PostPosted: Thu Mar 25, 2004 4:07 am    Post subject:

Dear Isabel,
As a BK i think the aim in life is to become happy. If some one feels sadness and if I too become sad , then how can I make the other person happy?. So there is no point in crying by seeing the other person crying.
As a BK how can one become ALONE? The supreme teacher is ALWAYS present with everyone who ever follows his DIRECTIONS.
We are actually accepting HUMANITY ie why we are living in cities . {we are not going to forests to do our meditation} we are "Pravrithi marg"
_________________
OH! I have miles and miles to go before I become PERFECT !
Paul



Joined: 13 Mar 2004
Posts: 72

PostPosted: Thu Mar 25, 2004 10:42 pm    Post subject:

isabel wrote:
I was also disturbed by what seemed to me to be the elitism of the Brahma Kumaris. As a B.K, we are taught that we are a superior order of being and that the rest of humanity 'doesn't quite get it'. Yet this seems to me to fly in the face of true humility.
I feel I have grown a great deal since I gave up the notion that only b.K.s had accurate insight into God.

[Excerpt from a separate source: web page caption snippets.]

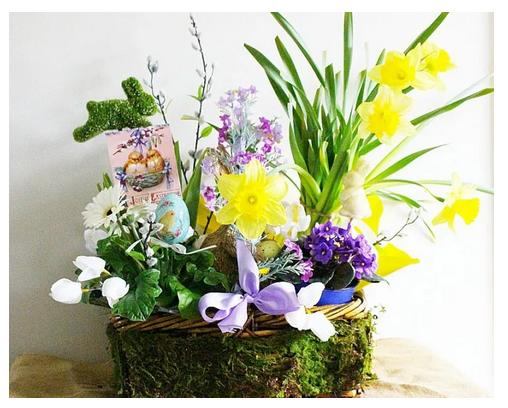diy--spring--centerpiece--ourcraftymom.com.png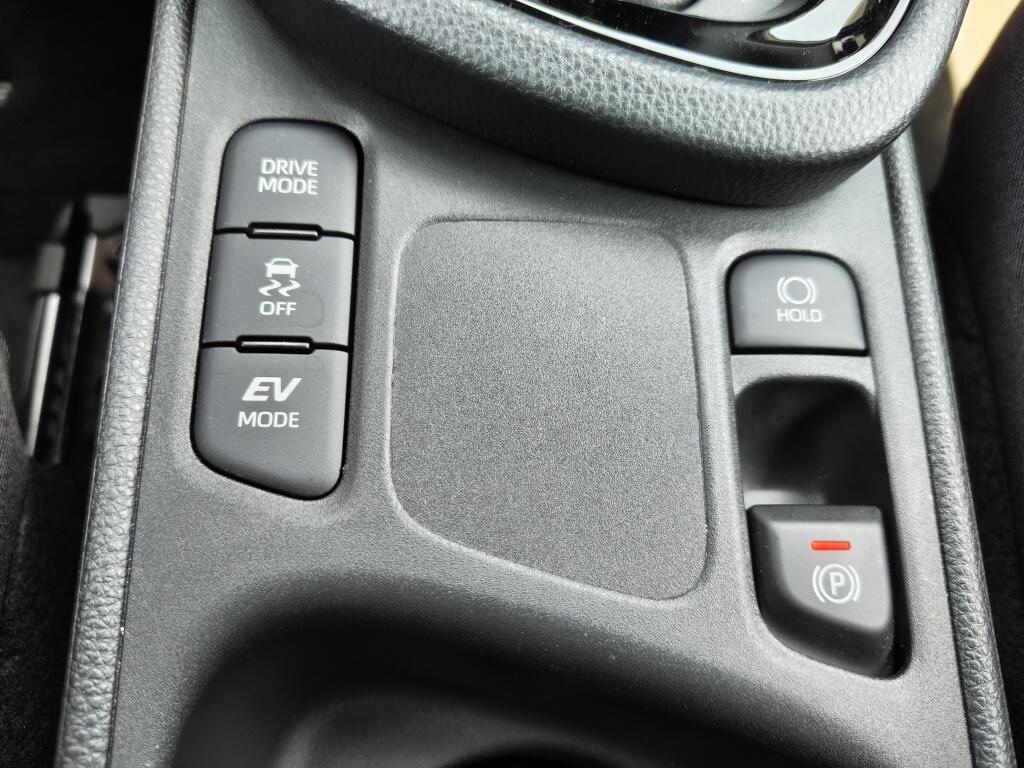 Toyota Yaris Cross 1.5 Hybrid 115 Dynamic | Stoel/Stuurverwarming | Android Auto - Image 22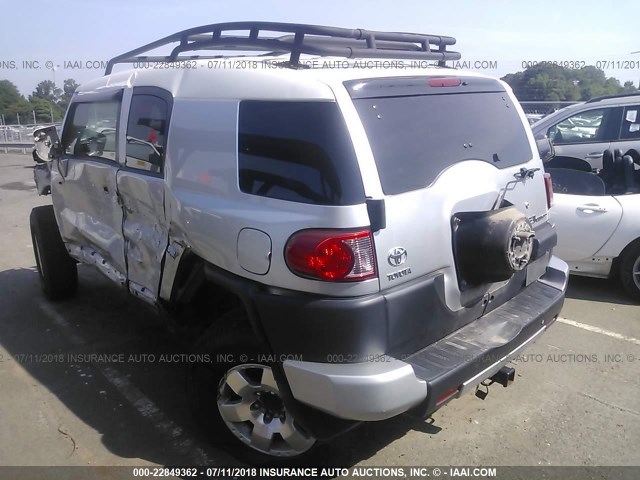 JTEBU11F470071813 - 2007 TOYOTA FJ CRUISER SILVER photo 3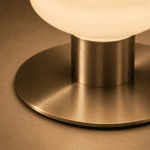 Lampadaire ondulé design, style minimaliste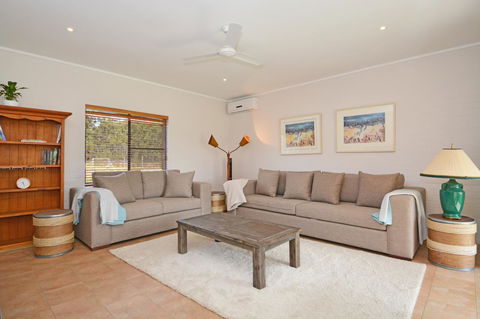 JE Guesthouse, Central To All The Hunter Valley Has To Offer - Kawana Tourism 2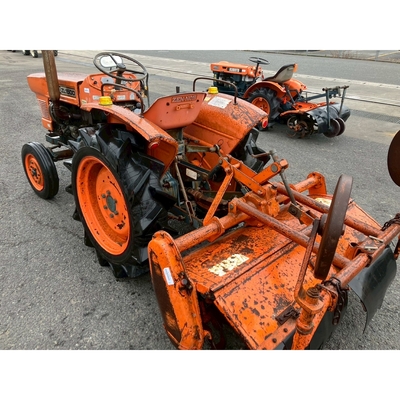 KUBOTA トラクター 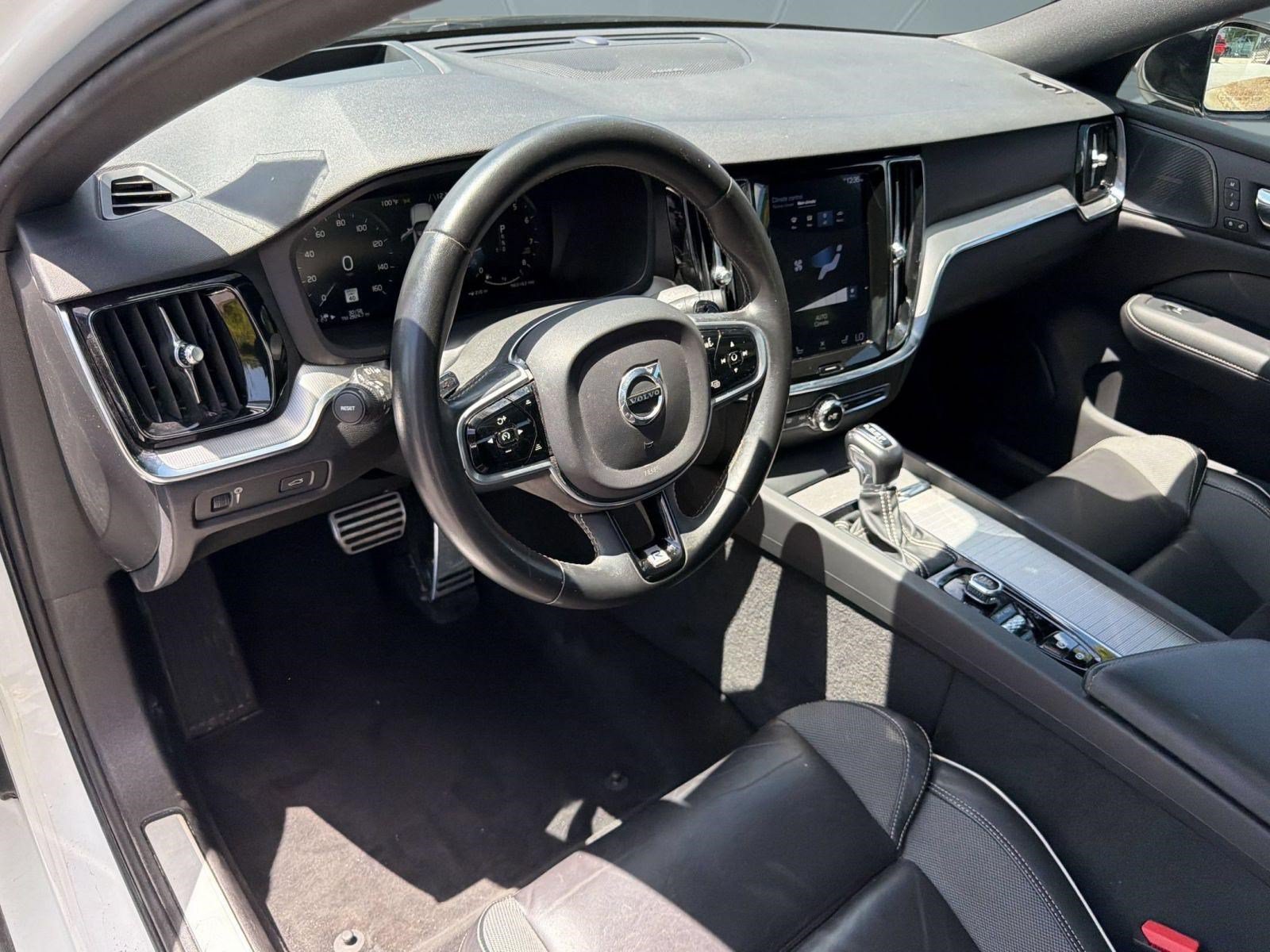 Used 2019 Volvo S60 T5 R-Design FWD image 4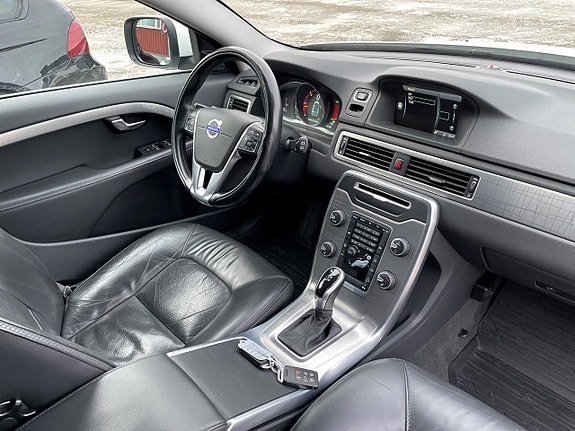 Volvo XC70 13 of 13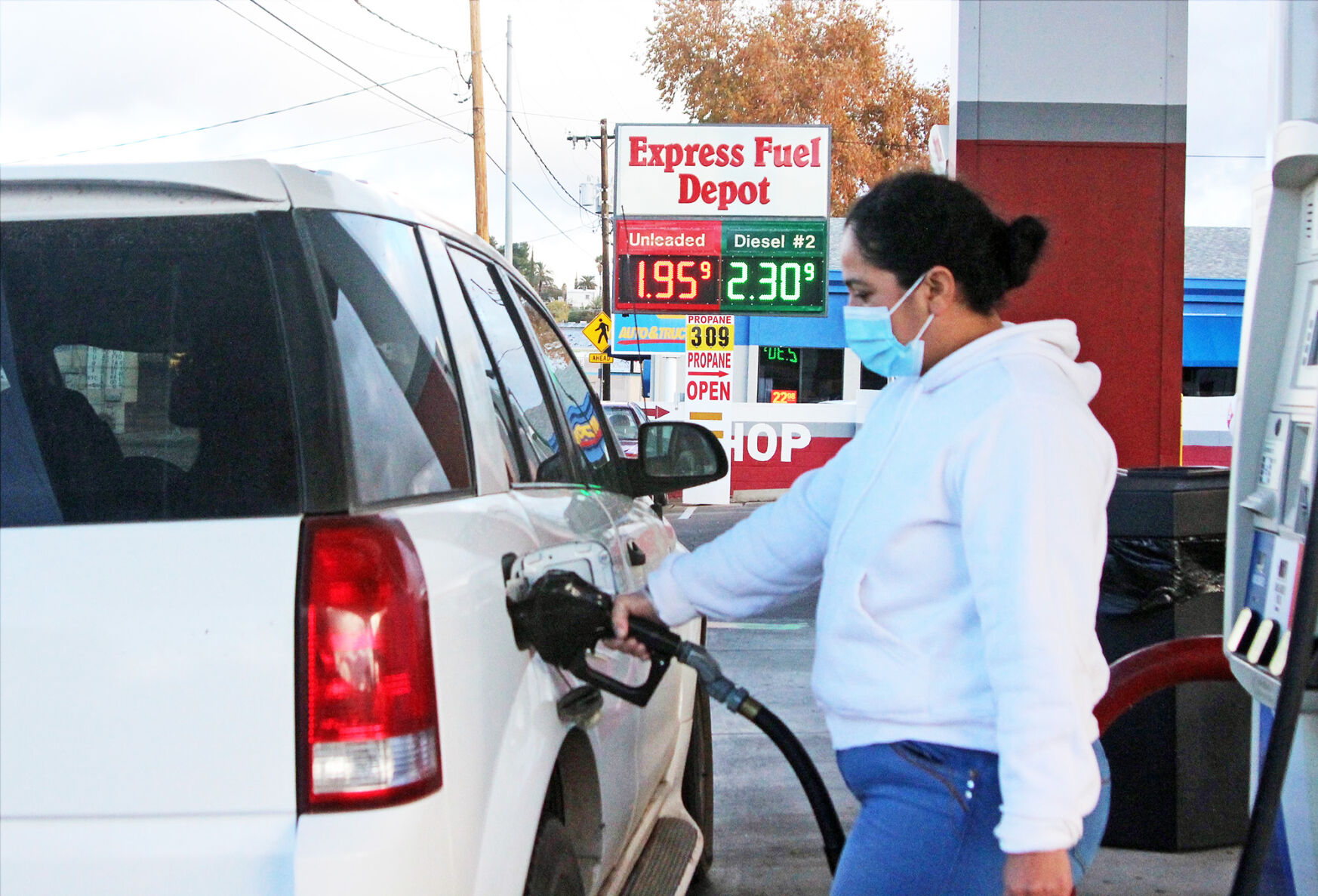Cross-border travel restrictions mean slow gas sales in Nogales - Vimarsana News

Excellent post Isabel! I empathise with you and all of what you wrote resonates with me. I wish to give my reaction to all of it but, because of limited time (and energy Crying or Very sad ) I will have to do in little chunks at a time. Perhaps, if you are willing to dialogue with me, we can explore the issues you raised together, in an interactive way. For now, the little chunk I will deal with is in the quote from you that I have highlighted, above.

By the way, Arjuna and Mitra, forget it! You are not speaking to John Public here. You are dealing with people who know and have experienced the BKs from the inside. So sappy plattitudes just won't cut it. As the XBK misision statement says, "don't expect to hear the party line here"

Now, back to the quote from Isabel. Your observations about the BK "superiority" is dead on. That feeling of superiority is a part of the bliss or "intoxication" that people feel when they first "come into the knowledge". You feel special and very smart....because you think you understand something very important and very true....that the rest of the world just can't grasp. How special and elevated you are is frequently emphasized. YOU are the pure, special and beloved souls. The rest of the world is second class....we should have mercy on the poor souls.

Lets take a closer look at this "superiority". Is it not in some ways a reflection of Hindu society itself? That great religion has many admirable aspects but its obsession with caste "status" is not one of them...to my mind anyway. It breeds inhumanity which, taken to extreme, results in millions of human beings being deemed "untouchable" and condemned to lives of misery and degradation. This is one of the things that Gandhi fought against....and lost.

How is this relevant to BK Raj Yoga? Well, in the BK scheme, their path is actually the root of Hinduism....never mind all the talk about Adi Sanatan dharm...its the SAME thing. There is a warped interpretation of caste in the BK knowledge....with the Brahmins of Sangam Yug being the highest....."topknot" as they say. The point is that this is a belief or world view that is heavily bent on segregating and differentiating people. You are swans. The rest of the people in the world are storks. Swans should not mix with storks. You are pure. Storks are body conscious, impure and viscious. You are the chosen. They are the damned. Don't let your limbs touch theirs (Ever heard that in murlis?)

The BK God is highly discriminatory. He is stepfather to billions!!! Even by BK estimates, the 900,000 chosen ones - the souls who will take birth at the begining of the Golden Age - represent less than 1/10 of 1 percent of the world's Hindu population. So where does this leave persons of Christian, Muslim, Buddhist etc background? Oh, we know the dogma about how such souls could have belonged to the diety religion and can now get a chance to "reconvert" or "transfer" back to the diety religion. This is BS of the highest order.

Do you think that BKs really see Westerners that way? I can tell you that the significance of one's "bodily" background is well understood and taken note of by them....in spite of all the talk about "soul consciousness". There is a murli which actually states that the souls who remained Hindu in this last confluence age birth will have the edge in the new world of paradise. Westerners need to wisen up.

This is all for now. Over to you Isabel. As I said, there is MUCH that I can say....but it will take time.
mitra



Joined: 22 Mar 2004
Posts: 8
Location: INDIA-Kerala-God's Own Country

PostPosted: Thu Mar 25, 2004 11:51 pm    Post subject:

You are dealing with people who know and have experienced the BKs from the inside
[I know that each soul has got his/her own experience. But we have to look into each matter positively]

"untouchable"

[Here the inner meaning is that we should not touch the vices. Even if a person is from a good, royal , elevated family, if he has some vices, then we should not touch them THROUGH OUR MIND.]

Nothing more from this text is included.